BRIEF DESCRIPTION OF THE DRAWINGS
[0013] Embodiments of systems and methods in accordance with the
teachings of the present disclosure are described in detail below
with reference to the following drawings.
[0014] FIG. 1 is a block diagram of high level SOA systems
communicating with another, using Service Oriented Architecture
devices.
[0015] FIG. 2 is block diagram of a variable layer and standardized
layer of a Service Oriented Architecture device.
[0016] FIG. 3 is a block diagram of a Service Oriented Architecture
device showing logical components and paths.
[0017] FIG. 4 is a block diagram of a Service Oriented Architecture
device showing physical components.
[0018] FIG. 5 is a flowchart illustrating communications through
Service Oriented Architecture devices. As used herein, the term
exemplary is meant to identify an example and not necessarily an
ideal.
DETAILED DESCRIPTION
[0019] The present disclosure teaches systems and methods for a
Service Oriented Architecture or SOA device. Many specific details
of certain embodiments of the invention are set forth in the
following description and in FIGS. 1-5 to provide a thorough
understanding of such embodiments. One skilled in the art will
understand that the invention may have additional embodiments, or
that the invention may be practiced without several of the details
described in the following description.
[0020] The described SOA device allows the ability to send/receive
messages between computer programs or applications. The use of
hardware provides an additional security layer, in particular where
the use of a smart card and/or a universal service bus (USB)
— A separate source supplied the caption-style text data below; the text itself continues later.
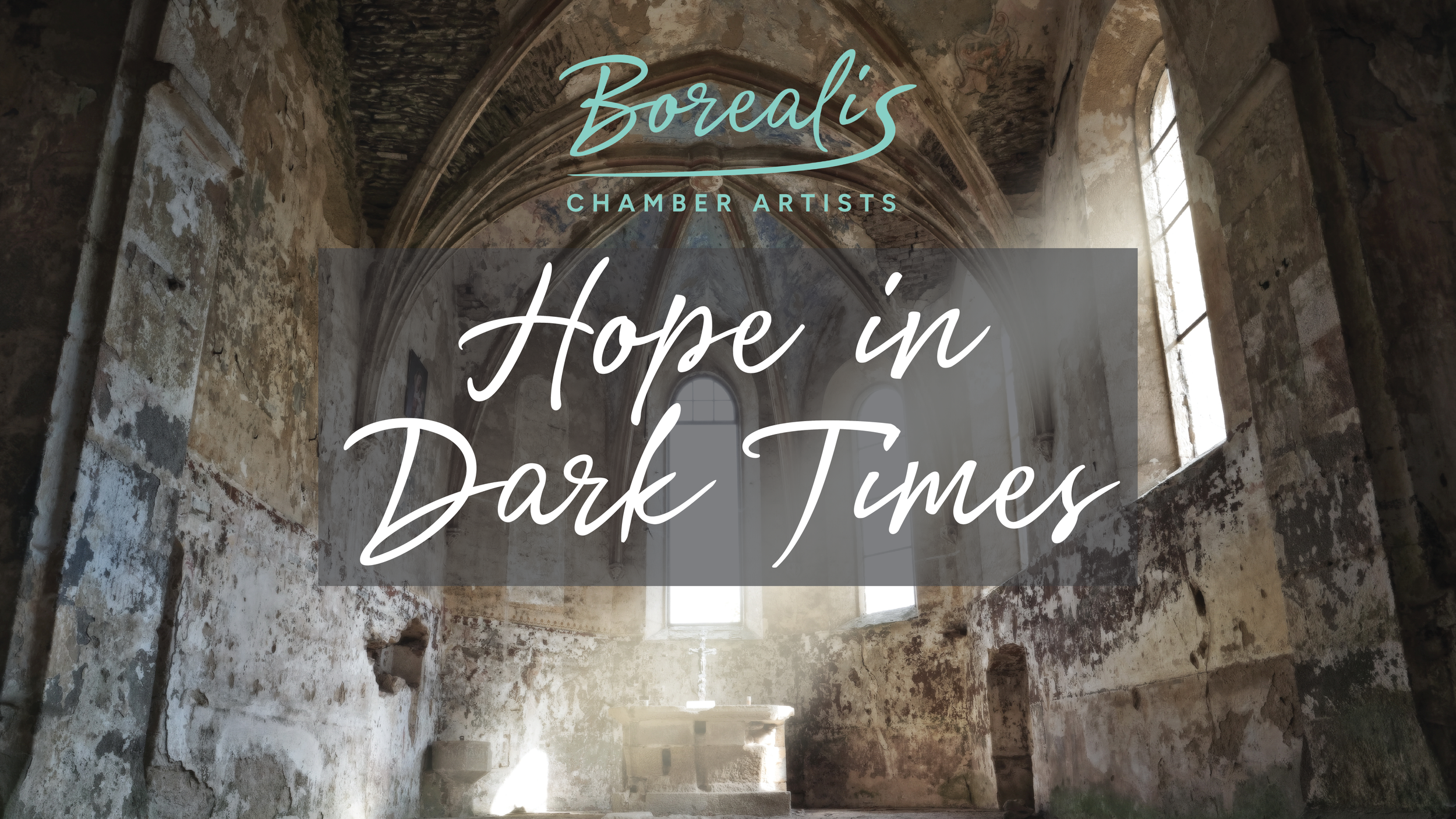 Borealis Chamber Artists Hope in Dark Times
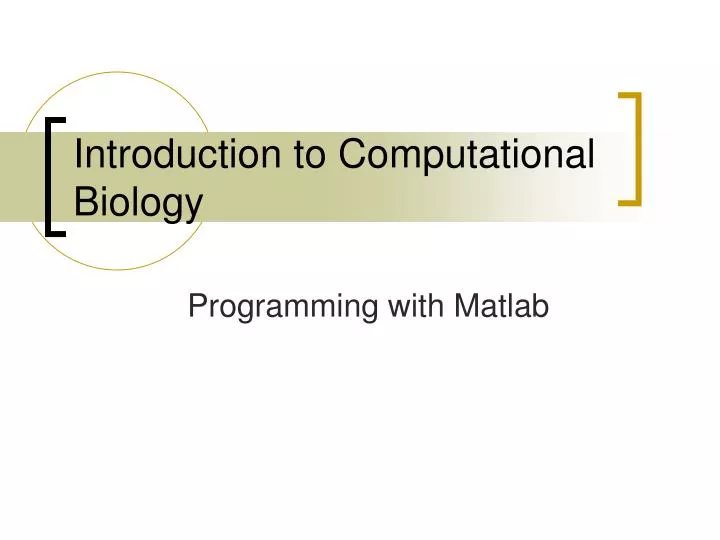 introduction to computational biology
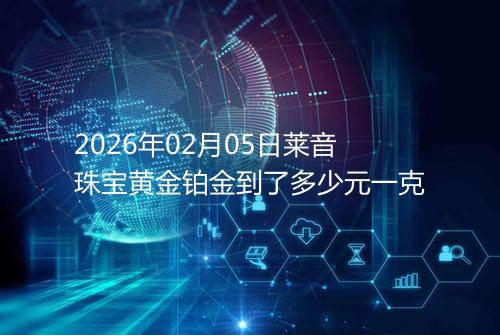 2026年02月05日莱音珠宝黄金铂金到了多少元一克
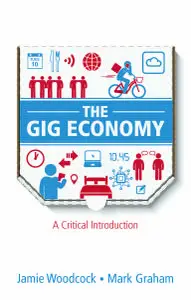 The Gig Economy: A Critical Introduction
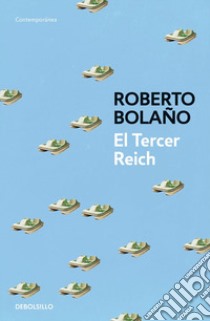 El tercer Reich libro di Bolaño Roberto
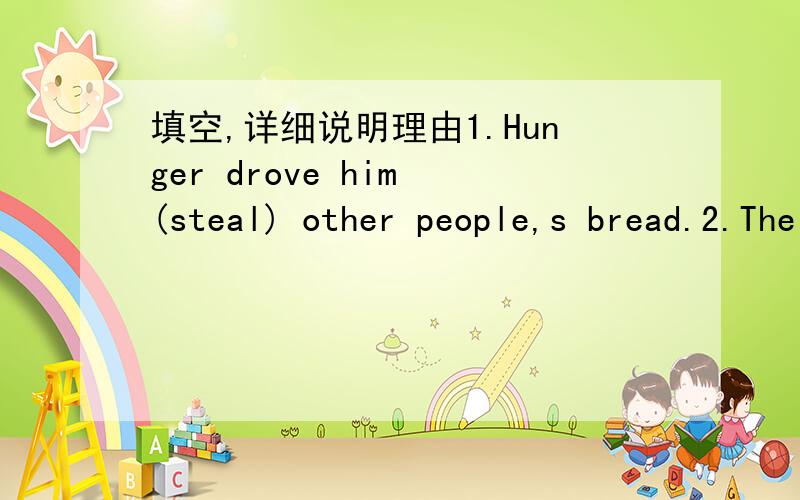 填空,详细说明理由1.Hunger drove him (steal) other people,s bread.2.The bookstore ,which (rebuild) now will be open to the public next month.3.Measures have been taken to prevent air from (pollute).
physical card is to be present, otherwise the SOA device cannot be
used. Furthermore, security is further enhanced by persistent
storage that may be removed and destroyed, preventing unauthorized
parties from using the SOA device.
[0021] The described SOA device may be implemented as a network
enabled hardware based device that may be connected to various
networks. The SOA device may serve as a central authority for
routing SOA traffic between applications that provide services into
a given network.
[0022] From the perspective of the public Internet, the SOA device
may look like a firewall switch. Standardized Internet Protocol or
IP packets may be used for traffic between SOA nodes (where nodes
are particular devices or systems). The IP packets may be
compressed and encrypted. IP addresses of SOA nodes may be known by
a privately configured secured network server. In addition to
compression and encryption, the SOA device may perform domain name
service (DNS) and IP based routing of business messages. The SOA
device is physically trivial to install and configure. SOA business
applications may be invoked by the SOA device by a "remote
procedure call" or RPC "application program interface" or API. Each
service (application) may be considered a class or object, where a
service has one or more send procedures overloaded by the message.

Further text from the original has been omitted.